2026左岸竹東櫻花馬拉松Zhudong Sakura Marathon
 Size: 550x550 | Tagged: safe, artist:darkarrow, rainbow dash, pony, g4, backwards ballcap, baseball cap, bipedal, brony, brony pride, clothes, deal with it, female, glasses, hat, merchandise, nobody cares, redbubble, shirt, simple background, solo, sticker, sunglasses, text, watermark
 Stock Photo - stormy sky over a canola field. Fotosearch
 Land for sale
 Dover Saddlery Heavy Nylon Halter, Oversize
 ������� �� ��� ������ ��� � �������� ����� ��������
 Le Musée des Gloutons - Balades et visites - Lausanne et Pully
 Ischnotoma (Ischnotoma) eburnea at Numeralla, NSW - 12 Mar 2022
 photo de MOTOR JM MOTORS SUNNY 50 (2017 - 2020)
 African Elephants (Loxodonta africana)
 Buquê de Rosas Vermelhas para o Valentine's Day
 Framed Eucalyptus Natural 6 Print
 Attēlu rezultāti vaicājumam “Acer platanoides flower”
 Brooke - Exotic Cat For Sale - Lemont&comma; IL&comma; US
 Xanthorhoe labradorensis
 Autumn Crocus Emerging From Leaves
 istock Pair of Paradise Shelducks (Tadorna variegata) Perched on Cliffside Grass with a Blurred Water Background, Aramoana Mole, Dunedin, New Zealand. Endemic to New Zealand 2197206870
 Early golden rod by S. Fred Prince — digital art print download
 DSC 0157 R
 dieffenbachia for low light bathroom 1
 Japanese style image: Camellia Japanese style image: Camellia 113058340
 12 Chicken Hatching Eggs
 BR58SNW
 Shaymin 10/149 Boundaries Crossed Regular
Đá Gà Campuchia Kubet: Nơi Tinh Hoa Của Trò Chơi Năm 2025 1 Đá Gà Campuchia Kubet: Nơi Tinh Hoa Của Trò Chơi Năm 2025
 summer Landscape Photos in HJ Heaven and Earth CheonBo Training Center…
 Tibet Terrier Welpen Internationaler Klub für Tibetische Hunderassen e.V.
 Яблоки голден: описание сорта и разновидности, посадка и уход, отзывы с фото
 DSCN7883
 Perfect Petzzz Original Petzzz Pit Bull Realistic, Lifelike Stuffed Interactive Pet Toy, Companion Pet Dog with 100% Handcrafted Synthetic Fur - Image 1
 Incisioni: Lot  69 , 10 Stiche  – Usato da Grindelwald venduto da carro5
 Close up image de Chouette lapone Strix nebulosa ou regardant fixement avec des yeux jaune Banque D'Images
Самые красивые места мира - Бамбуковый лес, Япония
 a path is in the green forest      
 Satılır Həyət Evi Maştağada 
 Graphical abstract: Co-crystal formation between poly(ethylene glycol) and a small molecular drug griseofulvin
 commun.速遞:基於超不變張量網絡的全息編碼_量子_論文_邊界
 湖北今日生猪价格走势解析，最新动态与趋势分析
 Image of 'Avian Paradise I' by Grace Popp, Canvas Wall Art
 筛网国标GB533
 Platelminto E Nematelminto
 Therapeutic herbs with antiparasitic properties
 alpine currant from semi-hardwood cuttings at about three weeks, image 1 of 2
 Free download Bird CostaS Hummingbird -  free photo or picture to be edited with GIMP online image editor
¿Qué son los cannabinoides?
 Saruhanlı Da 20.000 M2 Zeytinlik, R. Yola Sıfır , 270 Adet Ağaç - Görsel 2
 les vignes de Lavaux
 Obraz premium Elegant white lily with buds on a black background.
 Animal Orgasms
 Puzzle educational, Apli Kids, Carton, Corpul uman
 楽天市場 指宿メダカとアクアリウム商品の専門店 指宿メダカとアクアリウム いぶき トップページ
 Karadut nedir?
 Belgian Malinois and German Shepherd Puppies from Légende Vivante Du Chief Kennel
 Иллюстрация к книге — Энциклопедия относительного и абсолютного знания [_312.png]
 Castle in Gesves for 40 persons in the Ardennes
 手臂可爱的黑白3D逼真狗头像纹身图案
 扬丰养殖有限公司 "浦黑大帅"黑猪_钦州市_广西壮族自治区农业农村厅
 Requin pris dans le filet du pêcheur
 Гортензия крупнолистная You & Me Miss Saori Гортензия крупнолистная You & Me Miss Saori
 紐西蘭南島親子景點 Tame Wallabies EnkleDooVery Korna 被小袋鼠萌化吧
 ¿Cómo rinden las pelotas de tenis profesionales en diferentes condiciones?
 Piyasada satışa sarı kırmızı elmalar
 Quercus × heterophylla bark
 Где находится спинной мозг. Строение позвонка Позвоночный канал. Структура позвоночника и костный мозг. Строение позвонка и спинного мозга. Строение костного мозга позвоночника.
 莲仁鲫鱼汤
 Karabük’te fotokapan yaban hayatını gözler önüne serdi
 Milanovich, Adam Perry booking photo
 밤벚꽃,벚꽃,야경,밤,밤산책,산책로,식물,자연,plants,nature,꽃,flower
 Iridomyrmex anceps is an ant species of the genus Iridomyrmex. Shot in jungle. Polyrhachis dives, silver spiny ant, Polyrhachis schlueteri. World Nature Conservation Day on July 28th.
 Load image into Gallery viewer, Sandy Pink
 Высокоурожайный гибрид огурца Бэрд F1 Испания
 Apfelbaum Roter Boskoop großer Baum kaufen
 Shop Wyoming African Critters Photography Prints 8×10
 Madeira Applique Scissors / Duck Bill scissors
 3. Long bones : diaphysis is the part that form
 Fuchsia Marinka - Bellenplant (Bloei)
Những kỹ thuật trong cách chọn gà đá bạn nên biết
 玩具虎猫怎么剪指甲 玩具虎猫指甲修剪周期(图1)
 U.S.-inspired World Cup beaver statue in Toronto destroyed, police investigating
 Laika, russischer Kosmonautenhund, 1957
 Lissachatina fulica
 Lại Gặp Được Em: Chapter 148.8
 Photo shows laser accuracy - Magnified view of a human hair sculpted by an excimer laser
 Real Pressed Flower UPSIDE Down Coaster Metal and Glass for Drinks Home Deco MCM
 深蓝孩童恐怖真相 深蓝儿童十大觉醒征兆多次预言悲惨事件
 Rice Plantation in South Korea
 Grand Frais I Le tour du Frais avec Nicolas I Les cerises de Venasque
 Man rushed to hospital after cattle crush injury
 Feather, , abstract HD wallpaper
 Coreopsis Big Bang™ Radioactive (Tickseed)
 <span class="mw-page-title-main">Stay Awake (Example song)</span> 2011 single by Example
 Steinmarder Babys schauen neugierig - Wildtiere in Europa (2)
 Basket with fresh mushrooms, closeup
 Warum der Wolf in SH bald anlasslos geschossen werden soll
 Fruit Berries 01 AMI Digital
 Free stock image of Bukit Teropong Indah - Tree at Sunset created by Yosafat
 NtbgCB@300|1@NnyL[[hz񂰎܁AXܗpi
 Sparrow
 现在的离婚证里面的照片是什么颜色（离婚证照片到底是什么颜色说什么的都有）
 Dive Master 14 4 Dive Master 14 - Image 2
────────────────
Scan the entries above for the word "Free", then copy every line in which it occurs.

 Free download Bird CostaS Hummingbird -  free photo or picture to be edited with GIMP online image editor
 Free stock image of Bukit Teropong Indah - Tree at Sunset created by Yosafat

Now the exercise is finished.